[[ PROVIDED ENTRIES open ]]
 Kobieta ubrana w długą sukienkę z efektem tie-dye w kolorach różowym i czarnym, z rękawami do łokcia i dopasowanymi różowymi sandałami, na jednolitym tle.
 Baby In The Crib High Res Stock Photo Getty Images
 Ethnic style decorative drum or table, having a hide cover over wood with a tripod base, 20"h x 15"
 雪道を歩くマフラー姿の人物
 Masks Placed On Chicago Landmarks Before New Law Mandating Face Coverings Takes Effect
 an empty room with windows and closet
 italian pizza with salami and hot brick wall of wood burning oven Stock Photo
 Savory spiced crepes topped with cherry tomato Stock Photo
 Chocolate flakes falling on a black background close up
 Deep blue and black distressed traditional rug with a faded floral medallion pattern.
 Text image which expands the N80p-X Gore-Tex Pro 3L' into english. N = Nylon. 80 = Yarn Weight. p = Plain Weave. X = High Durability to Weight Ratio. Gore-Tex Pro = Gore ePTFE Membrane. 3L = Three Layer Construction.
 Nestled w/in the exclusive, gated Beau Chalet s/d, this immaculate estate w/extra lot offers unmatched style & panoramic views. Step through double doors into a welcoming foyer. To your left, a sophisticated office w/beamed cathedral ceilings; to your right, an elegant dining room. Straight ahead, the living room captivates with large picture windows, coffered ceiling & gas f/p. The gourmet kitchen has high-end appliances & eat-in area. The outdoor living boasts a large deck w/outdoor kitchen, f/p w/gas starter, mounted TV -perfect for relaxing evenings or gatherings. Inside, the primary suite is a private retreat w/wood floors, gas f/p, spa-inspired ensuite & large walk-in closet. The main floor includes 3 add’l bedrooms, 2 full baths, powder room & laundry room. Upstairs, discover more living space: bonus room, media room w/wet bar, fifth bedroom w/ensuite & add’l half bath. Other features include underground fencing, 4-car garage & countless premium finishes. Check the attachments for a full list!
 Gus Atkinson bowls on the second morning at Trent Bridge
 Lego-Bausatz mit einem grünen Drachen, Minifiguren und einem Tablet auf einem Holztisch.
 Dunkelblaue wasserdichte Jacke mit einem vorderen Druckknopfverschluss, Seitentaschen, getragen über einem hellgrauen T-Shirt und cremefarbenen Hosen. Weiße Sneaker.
[[ PROVIDED ENTRIES closed ]]
WORK TASK: Could you return all lines from the data above that contain the string "black"?

EXERCISE OUTPUT:
 Chocolate flakes falling on a black background close up
 Deep blue and black distressed traditional rug with a faded floral medallion pattern.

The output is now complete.